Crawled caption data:
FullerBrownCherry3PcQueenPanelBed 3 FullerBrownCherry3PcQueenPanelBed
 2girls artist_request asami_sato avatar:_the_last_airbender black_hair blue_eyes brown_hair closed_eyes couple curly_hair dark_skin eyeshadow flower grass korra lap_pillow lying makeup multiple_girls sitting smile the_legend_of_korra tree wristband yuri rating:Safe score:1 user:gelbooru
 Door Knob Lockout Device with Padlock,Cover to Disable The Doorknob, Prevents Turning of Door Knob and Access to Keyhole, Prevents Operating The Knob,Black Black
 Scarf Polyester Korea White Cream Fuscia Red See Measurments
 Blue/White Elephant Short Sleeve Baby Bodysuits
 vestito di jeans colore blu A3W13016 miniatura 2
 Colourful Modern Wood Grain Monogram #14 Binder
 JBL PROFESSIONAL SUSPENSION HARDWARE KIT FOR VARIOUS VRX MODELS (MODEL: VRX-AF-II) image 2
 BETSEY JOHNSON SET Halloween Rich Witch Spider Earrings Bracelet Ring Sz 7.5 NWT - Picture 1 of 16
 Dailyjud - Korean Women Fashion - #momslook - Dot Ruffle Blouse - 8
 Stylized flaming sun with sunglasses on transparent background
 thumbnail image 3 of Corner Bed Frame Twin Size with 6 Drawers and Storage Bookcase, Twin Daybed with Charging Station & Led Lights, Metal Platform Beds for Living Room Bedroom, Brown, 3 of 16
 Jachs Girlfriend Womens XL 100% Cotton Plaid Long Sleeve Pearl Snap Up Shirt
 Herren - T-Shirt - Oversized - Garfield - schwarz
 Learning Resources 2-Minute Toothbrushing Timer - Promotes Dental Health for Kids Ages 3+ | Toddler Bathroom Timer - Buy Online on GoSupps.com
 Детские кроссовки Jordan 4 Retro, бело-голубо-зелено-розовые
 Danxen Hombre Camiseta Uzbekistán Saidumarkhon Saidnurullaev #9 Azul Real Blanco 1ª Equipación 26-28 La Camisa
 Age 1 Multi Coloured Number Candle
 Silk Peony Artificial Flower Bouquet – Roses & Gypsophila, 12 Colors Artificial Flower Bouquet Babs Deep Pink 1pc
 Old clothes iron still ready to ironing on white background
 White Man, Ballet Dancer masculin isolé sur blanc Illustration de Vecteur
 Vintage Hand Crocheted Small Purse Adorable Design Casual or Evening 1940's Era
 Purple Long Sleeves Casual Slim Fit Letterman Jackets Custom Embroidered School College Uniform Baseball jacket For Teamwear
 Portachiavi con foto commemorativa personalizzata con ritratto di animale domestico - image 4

## TASK GOAL
Set down, unchanged, the line that contains "Stylized flaming sun" together with every later line in the records, through the last one.

## EXPECTED ANSWER
 Stylized flaming sun with sunglasses on transparent background
 thumbnail image 3 of Corner Bed Frame Twin Size with 6 Drawers and Storage Bookcase, Twin Daybed with Charging Station & Led Lights, Metal Platform Beds for Living Room Bedroom, Brown, 3 of 16
 Jachs Girlfriend Womens XL 100% Cotton Plaid Long Sleeve Pearl Snap Up Shirt
 Herren - T-Shirt - Oversized - Garfield - schwarz
 Learning Resources 2-Minute Toothbrushing Timer - Promotes Dental Health for Kids Ages 3+ | Toddler Bathroom Timer - Buy Online on GoSupps.com
 Детские кроссовки Jordan 4 Retro, бело-голубо-зелено-розовые
 Danxen Hombre Camiseta Uzbekistán Saidumarkhon Saidnurullaev #9 Azul Real Blanco 1ª Equipación 26-28 La Camisa
 Age 1 Multi Coloured Number Candle
 Silk Peony Artificial Flower Bouquet – Roses & Gypsophila, 12 Colors Artificial Flower Bouquet Babs Deep Pink 1pc
 Old clothes iron still ready to ironing on white background
 White Man, Ballet Dancer masculin isolé sur blanc Illustration de Vecteur
 Vintage Hand Crocheted Small Purse Adorable Design Casual or Evening 1940's Era
 Purple Long Sleeves Casual Slim Fit Letterman Jackets Custom Embroidered School College Uniform Baseball jacket For Teamwear
 Portachiavi con foto commemorativa personalizzata con ritratto di animale domestico - image 4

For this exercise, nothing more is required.